Aside from the obvious “it’s a masterpiece, the movie event of the last decade, a fitting tribute to J.R.R. Tolkien and the art of moviemaking”, there are a lot of reasons to re-visit The Lord of the Rings Trilogy (Extended Editions, natch). As well as helping you get psyched up for the ridiculously generous portions of tasty Hobbit action that Peter Jackson has spooned onto our plates this Christmas and the following two, the hirsute director’s original, triumphant journey through Middle Earth will thrill and chill you in all sorts of ways.

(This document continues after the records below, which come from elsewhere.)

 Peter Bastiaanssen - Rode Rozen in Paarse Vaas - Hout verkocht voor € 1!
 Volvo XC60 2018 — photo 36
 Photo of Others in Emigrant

It’s really impressive how Jackson and his team managed to distill Tolkien’s sweeping epic into something striking, coherent, and (relatively) fast-paced (a genuine page-by-page adaptation would have been about twenty hours long, after all), building to thunderous dramatic climaxes. However, what stay with you are the individual scenes and moments, the dazzling visual flourishes and character beats that make the trilogy timeless.
In rough order, a HIGHLY PERSONAL AND SUBJECTIVE list of those moments follows below.

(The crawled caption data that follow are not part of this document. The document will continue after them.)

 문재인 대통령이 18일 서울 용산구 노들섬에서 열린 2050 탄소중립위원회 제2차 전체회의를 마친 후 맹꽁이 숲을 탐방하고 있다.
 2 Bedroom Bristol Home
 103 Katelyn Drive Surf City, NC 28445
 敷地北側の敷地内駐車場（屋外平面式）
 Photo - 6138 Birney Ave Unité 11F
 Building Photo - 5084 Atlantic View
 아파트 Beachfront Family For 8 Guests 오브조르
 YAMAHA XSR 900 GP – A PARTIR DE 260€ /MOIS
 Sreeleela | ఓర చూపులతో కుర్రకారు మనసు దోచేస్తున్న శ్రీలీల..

20. Aragorn Recruits the Dead
A truly creepy sequence, especially in the Extended Edition, where Aragorn, Legolas and Gimli have to wade through an immense waterfall of brittle human skulls to escape the collapsing lair of the Army of the Dead. Aragorn attempts to gain the service of these ghostly killers, who fled their responsibilities and were cursed with eternal living death for their cowardice, by promising them the peace of a final reward in exchange for honouring their oaths of service to the King of Gondor.
At first, it seems that the leering, sickly-green spectre of the King of the Dead has spurned Aragorn’s offer, and Isildur’s Heir sinks to his knees, weeping manly tears, as he sees the Corsairs of Umbar on their way to deal the deathblow to Minas Tirith. All hope for Gondor seems lost, when the Dead King emerges out of the mountainside and rasps, “We fight!” It’s a real boost to Aragorn’s standing; he’s been recognised as the rightful King of Gondor, foreshadowing his ultimate embrace of his destiny.
19. The Mouth of Sauron
A short scene, absent from the Theatrical Cut, noteworthy for heightening the desperation and near-despair of the Free People’s darkest hour. The Mouth of Sauron is portrayed as a memorably grotesque creation, an unsettling parody of humanity with a gruesomely malformed and befouled mouth. Mocking Frodo’s friends with apparent evidence of the brave young hobbit’s apparent capture and agonising death, the Mouth makes a sinister, skin-crawling impression in the moments before Aragorn (rather dubiously) hacks his head off. Of course, this makes Aragorn’s steel-willed insistence on shrugging off overwhelming despair and meeting Sauron’s hosts in battle anyway gives another boost to his heroic aura.